To stimulate the economy in the past decade with interest rates pinned near zero, the Federal Reserve made promises about how long they would remain low.
Now, Fed officials are thinking hard about a new tool that would reinforce such promises by committing to buy Treasury securities in whatever amounts are needed to peg certain yields at low levels.
Fed officials aren’t prepared to announce any decision on so-called yield caps when their two-day policy meeting concludes Wednesday.
With rates near zero and unlikely to go lower, two other policy questions must get resolved first: how to manage their pace of bond purchases and how to communicate their long-run intentions, using so-called forward guidance.

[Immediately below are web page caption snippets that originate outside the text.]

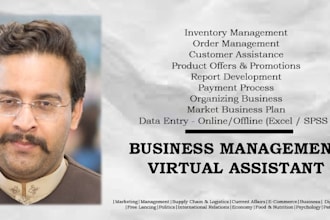 provide business management virtual assistant services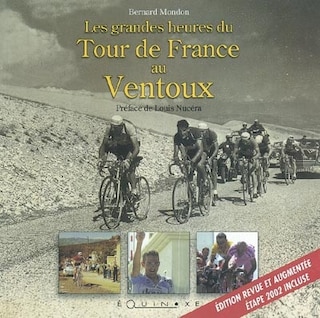 Couverture_Les grandes heures du Tour de France au Ventoux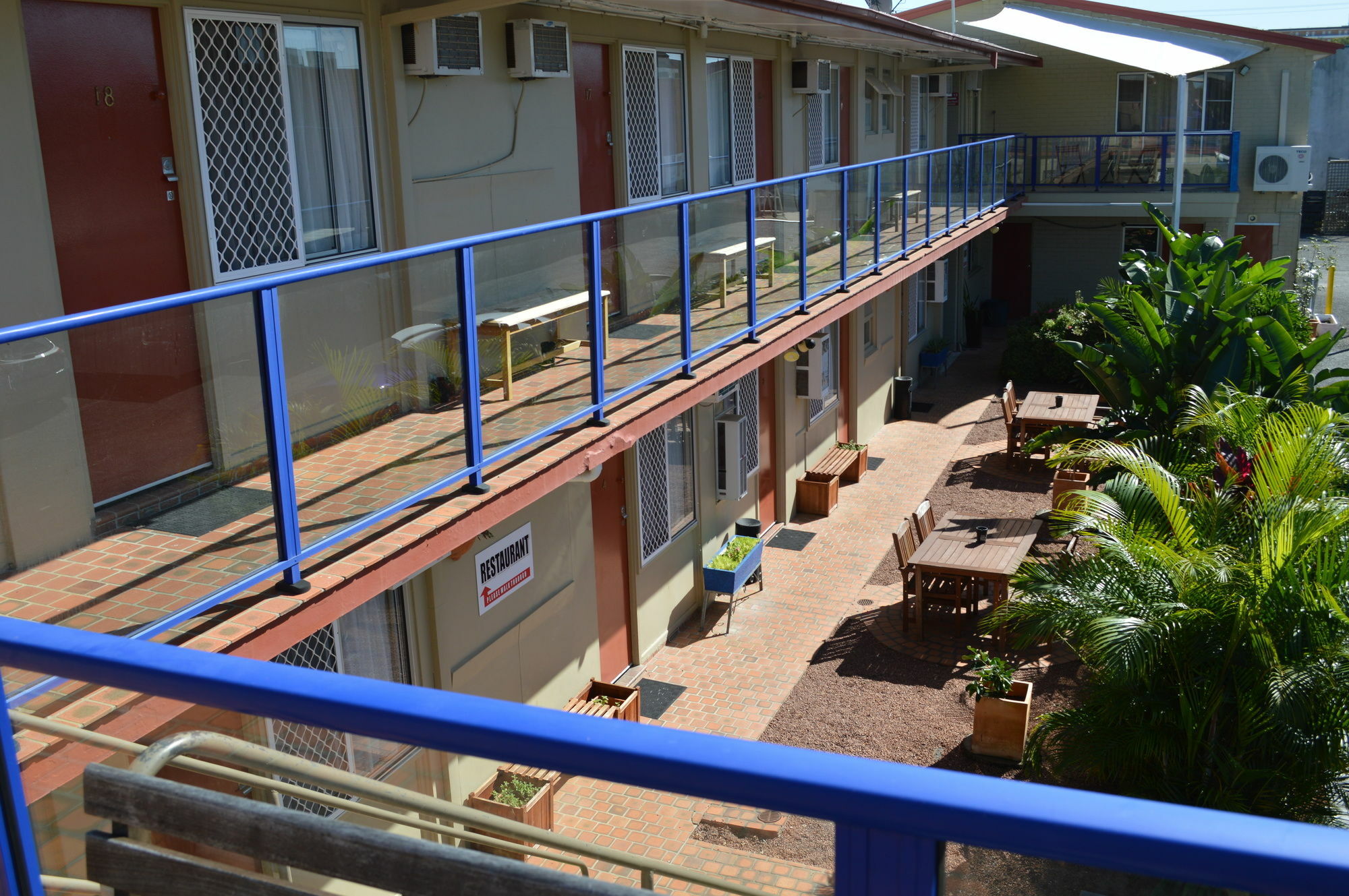 Taree Motor Inn Екстер'єр фото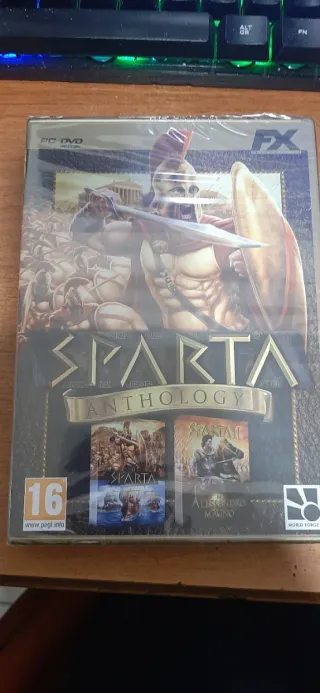 Videojuego Sparta Anthology PC DVD FX Interactive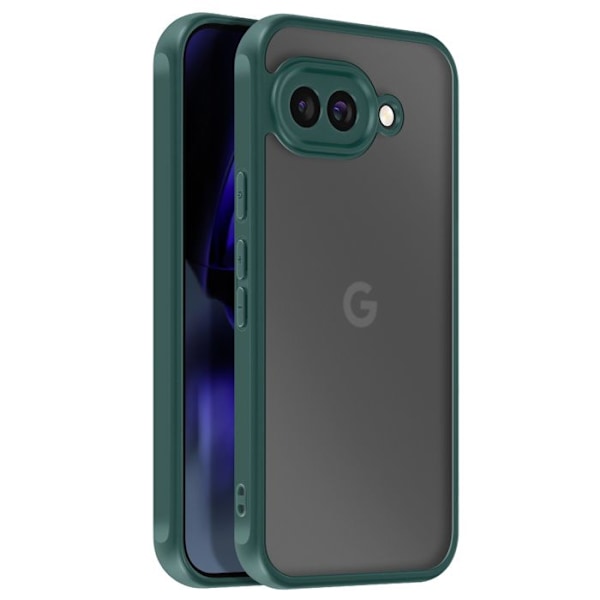 Stødfast Cover til Google Pixel 9a med Forstærkede Hjørner Grøn Grön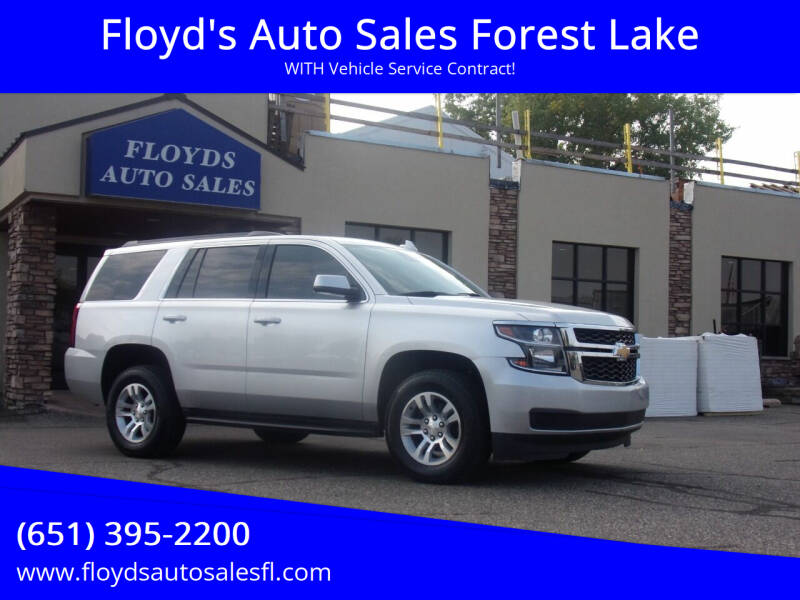 2020 Chevrolet Tahoe for sale at Floyd's Auto Sales Forest Lake in Forest Lake MN
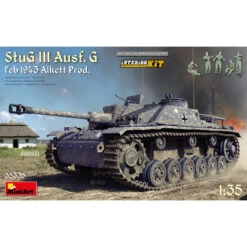 MiniArt StuG III Ausf. G Feb 1943 Alkett Prod. INTERIOR KIT -35335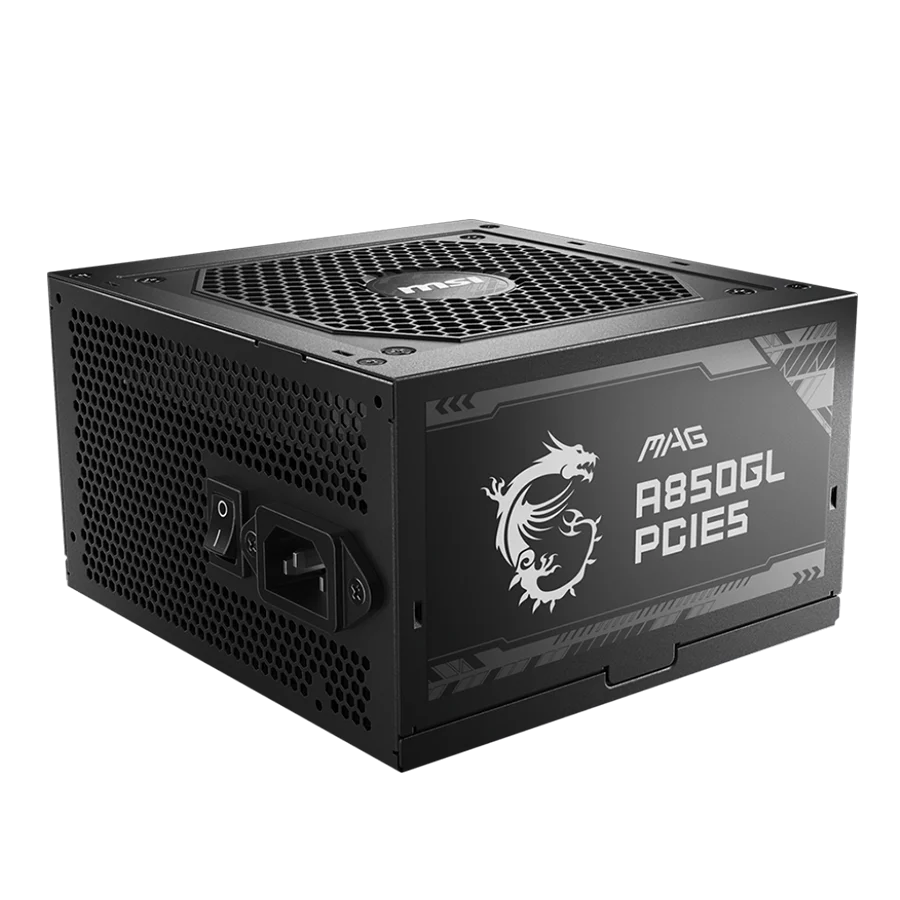 پاور ام اس آی مدل MAG A850GL PCIE5 Black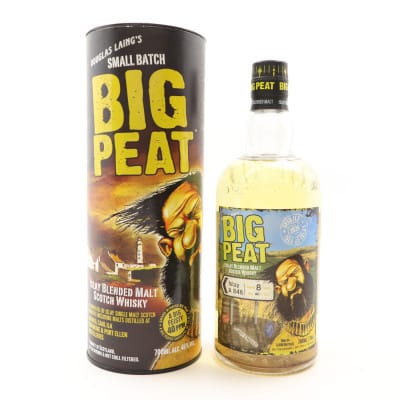 Big Peat 8 Year Old Feis Ile 2020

Fed officials believe forward guidance helps stimulate demand after their policy rate is near zero because it sets public expectations about future policy, which influences the rates set by markets.
How they calibrate those two tools could determine whether and how they cap yields, which would function as a hybrid of both. The Fed hasn’t capped yields on Treasury securities since 1951, when it dismantled a stimulus scheme used during World War II.
Fed officials are closely studying the experience of Australia’s central bank, which in March set a target of 0.25% for the country’s three-year government-bond yield and which has so far managed to keep it there without significant asset buying.
For the U.S., caps might work like this: If the Fed concludes it is likely to hold rates near zero for at least three years, it could amplify this commitment by capping yields on every Treasury security that matures before June 2023.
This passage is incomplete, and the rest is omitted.